---- Data section
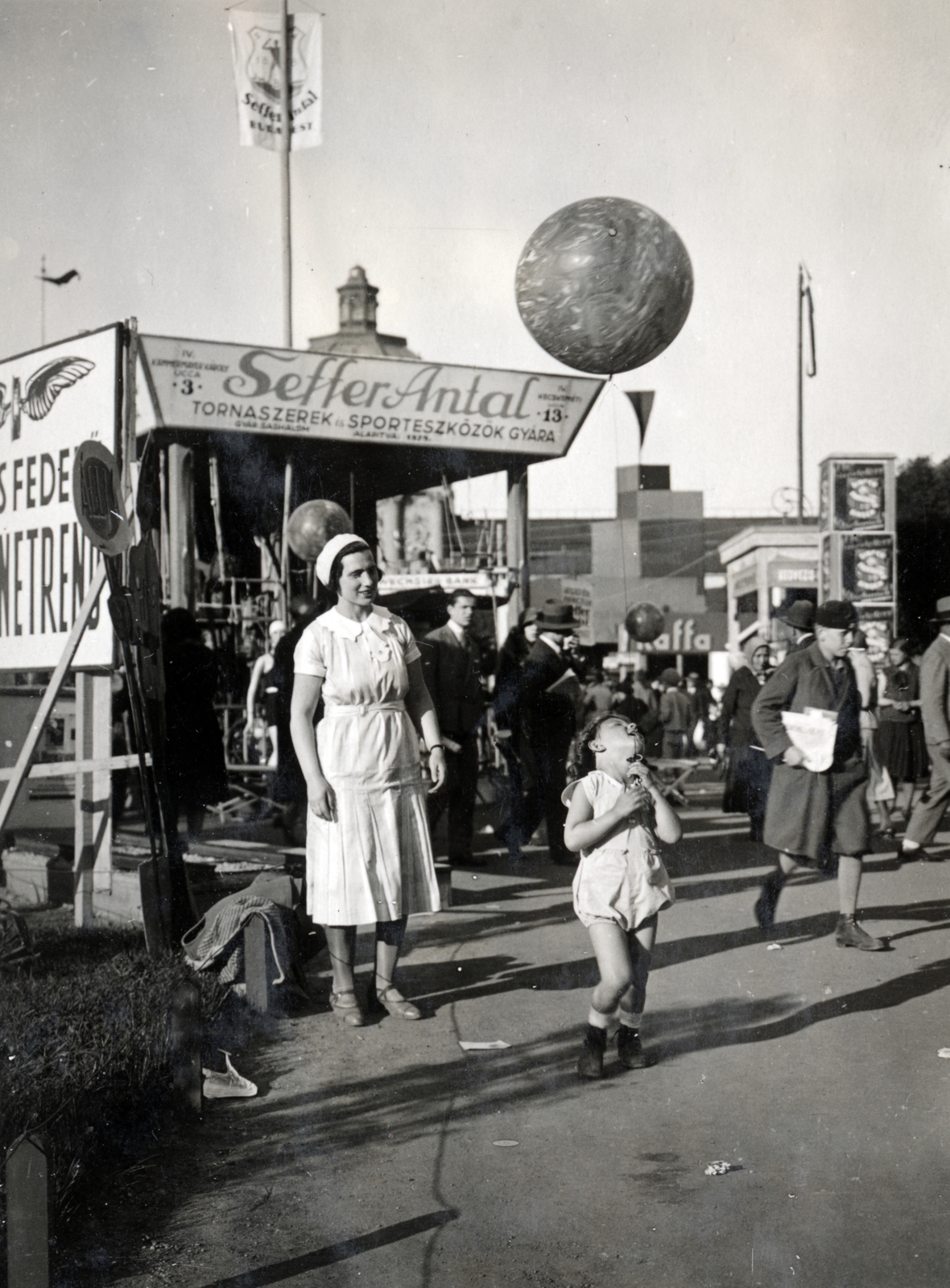 Hungary, Budapest XIV., 1930, Kinszki Imre, Budapest, sports equipment, baloon, kid, Fortepan #157046
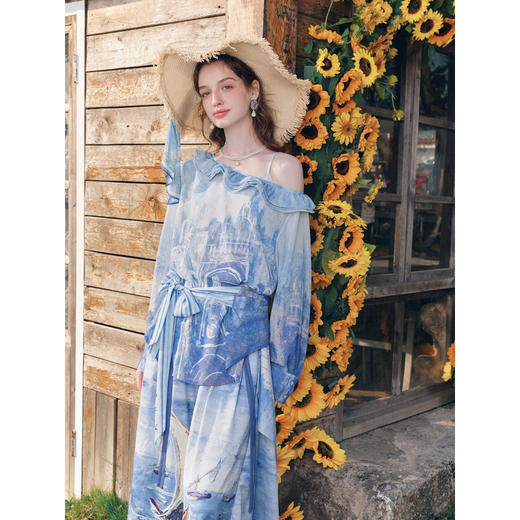 两三事海岛热恋2026春新款度假风木耳边斜露肩领绑带印花雪纺衫女 商品图3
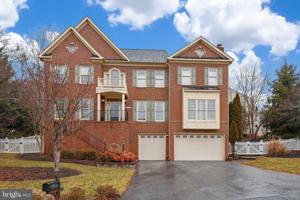 9704 WOODFIELD COURT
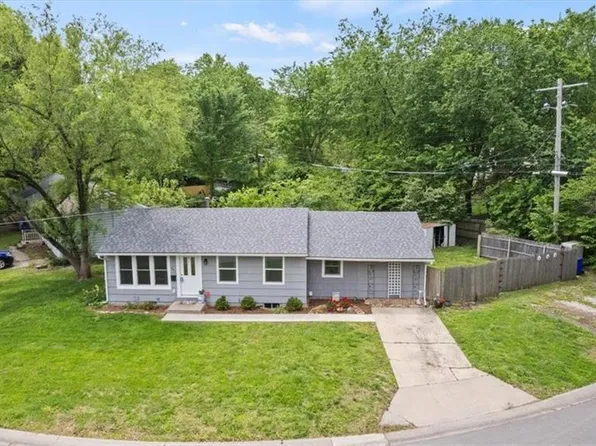 301 S Sunset Dr, Olathe, KS 66061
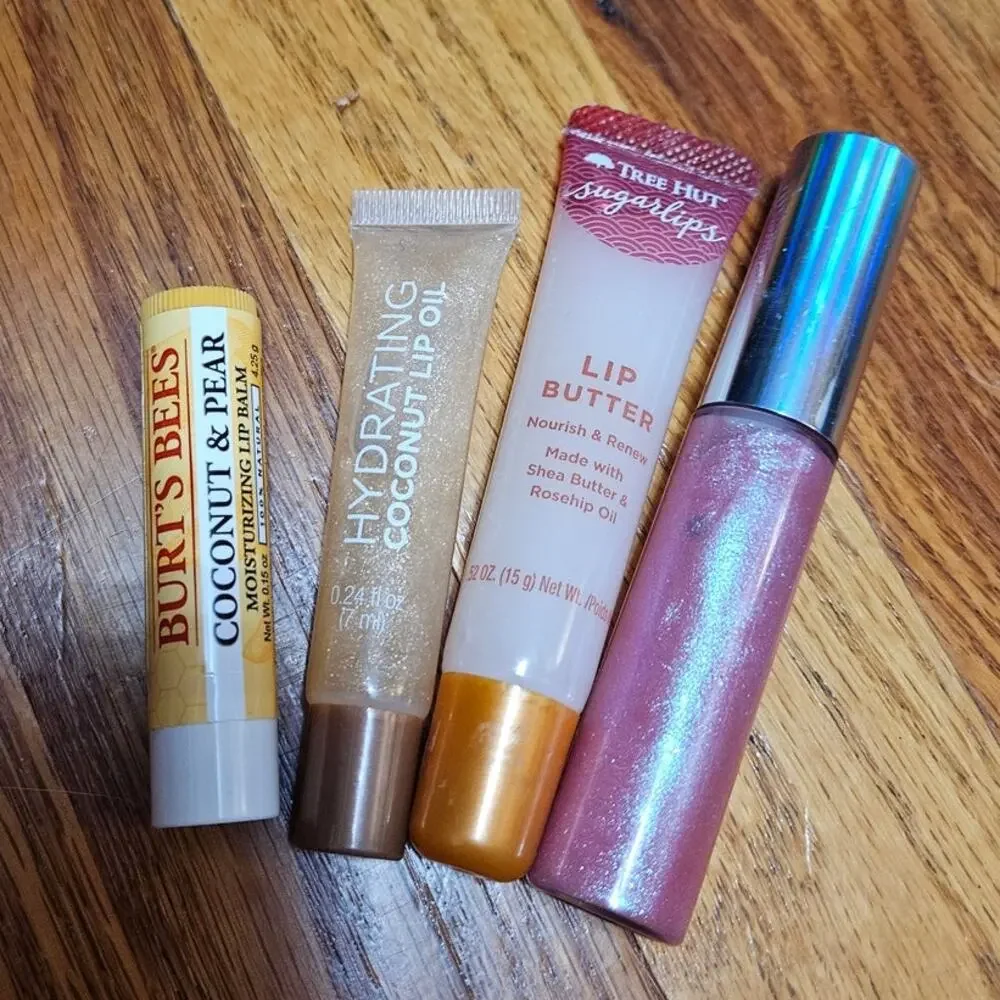 LOT Burt's Bees Coconut Pear Lip Balm, Coconut Lip Oil, Tree Hut Lip Butter +1
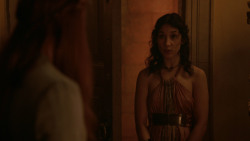 extant_GameOfThrones_2x03-WhatIsDeadMayNeverDie_2299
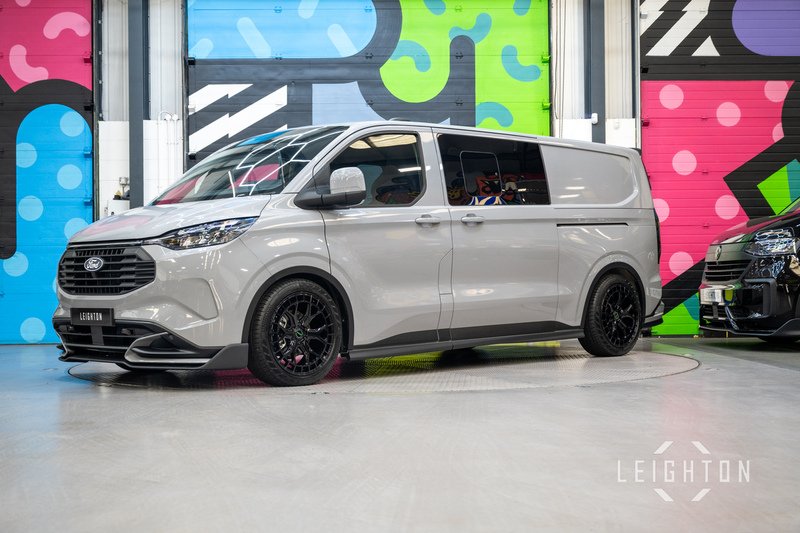 Ford Transit Custom 2.5 320 232ps Auto PHEV Double Cab L2 - N5402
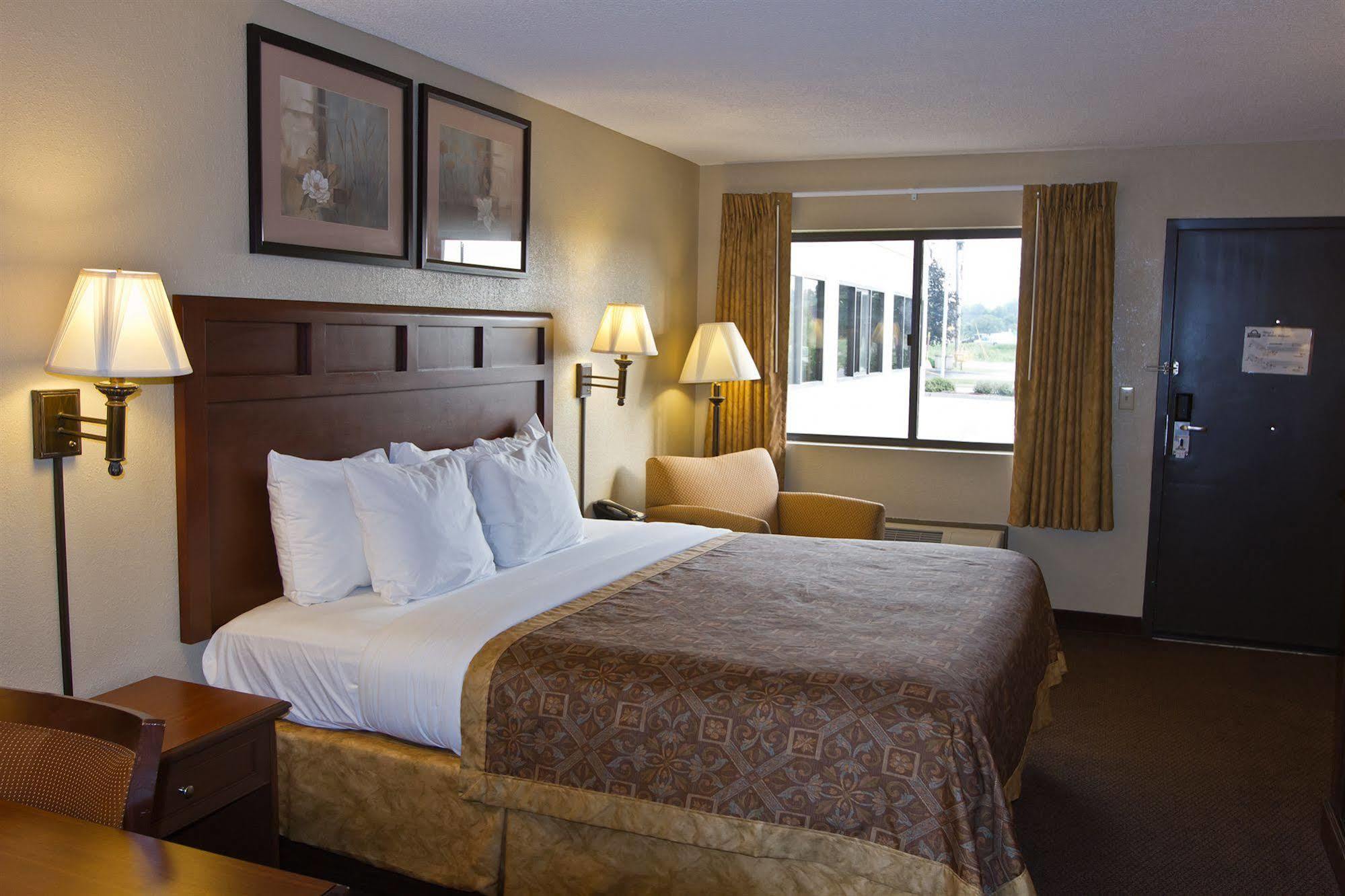 Greenlight Inn & Suites St James Saint James Extérieur photo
--------
▶ Exercise details
What you need to retype is every line from the one that has "9704 WOODFIELD COURT" through the last line of the listing, both included, with the pictures left out.

▶ Reply
 9704 WOODFIELD COURT
 301 S Sunset Dr, Olathe, KS 66061
 LOT Burt's Bees Coconut Pear Lip Balm, Coconut Lip Oil, Tree Hut Lip Butter +1
 extant_GameOfThrones_2x03-WhatIsDeadMayNeverDie_2299
 Ford Transit Custom 2.5 320 232ps Auto PHEV Double Cab L2 - N5402
 Greenlight Inn & Suites St James Saint James Extérieur photo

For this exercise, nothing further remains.